SIGSEGV in pgsm_ExecutorEnd at pg_stat_monitor.c:781 during PortalCleanup (PG 18.3, correlates with autovacuum)

### Description

PostgreSQL 18.3 backends terminate with `SIGSEGV` in `pgsm_ExecutorEnd` at `pg_stat_monitor.c:781` during commit-time `PortalCleanup`. Crashes correlate tightly with autovacuum completion on the relation the failing query targets: the postmaster logs an autovacuum-done line for a table, and within 1–2 seconds a backend running a query against that same table segfaults. The postmaster then terminates all other backends, replays WAL, and the database returns in ~1 second.

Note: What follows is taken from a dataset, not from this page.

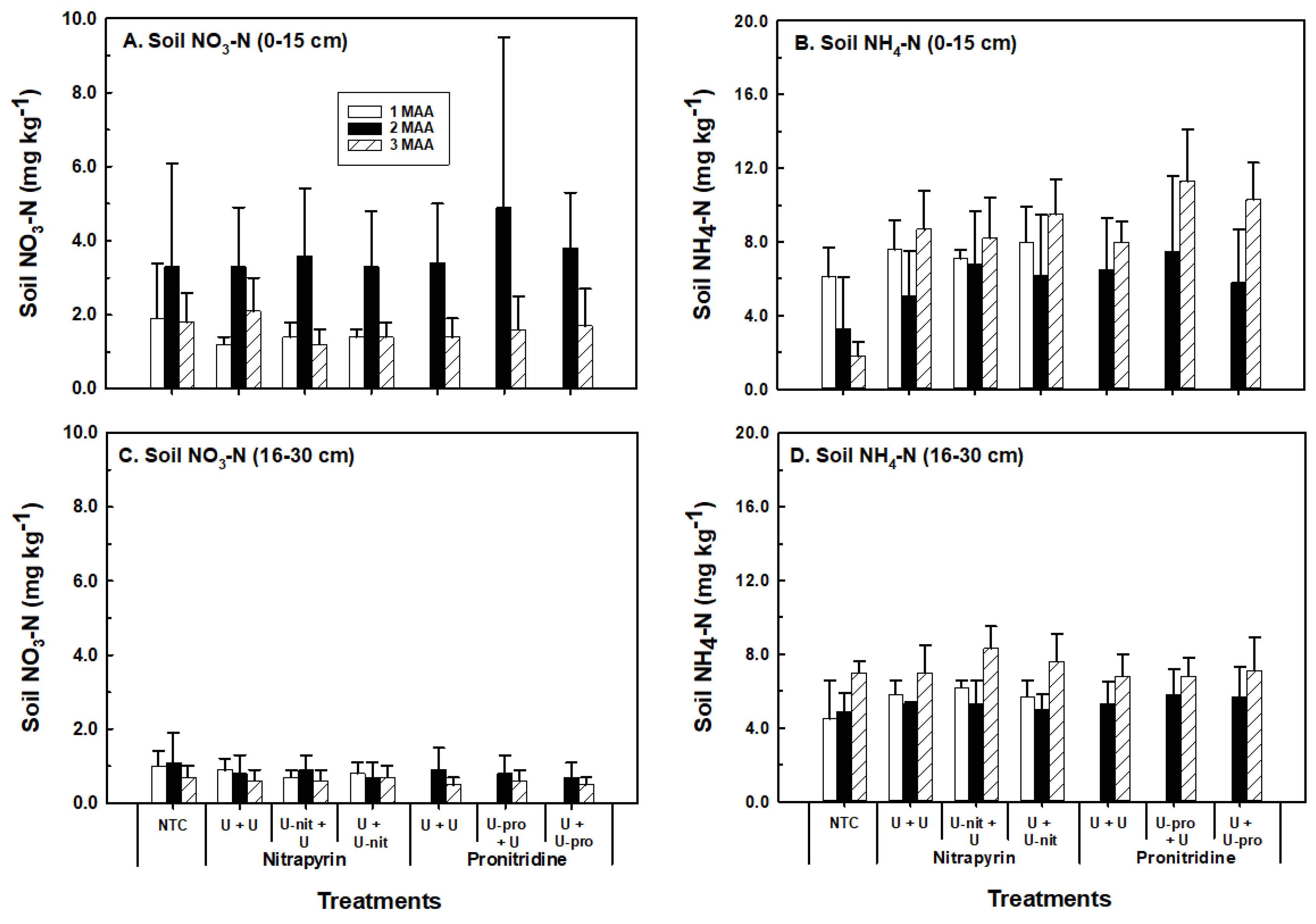 Agronomy 08 00204 g004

This is reproducible across four independent RDS PostgreSQL 18.3 instances sharing the same `shared_preload_libraries` setting. A control instance in the same account with pg_stat_monitor absent from `shared_preload_libraries` has zero crashes over the same window. Removing `pg_stat_monitor` from `shared_preload_libraries` is a confirmed workaround — all four instances have been crash-free since the extension was removed on 2026-04-30.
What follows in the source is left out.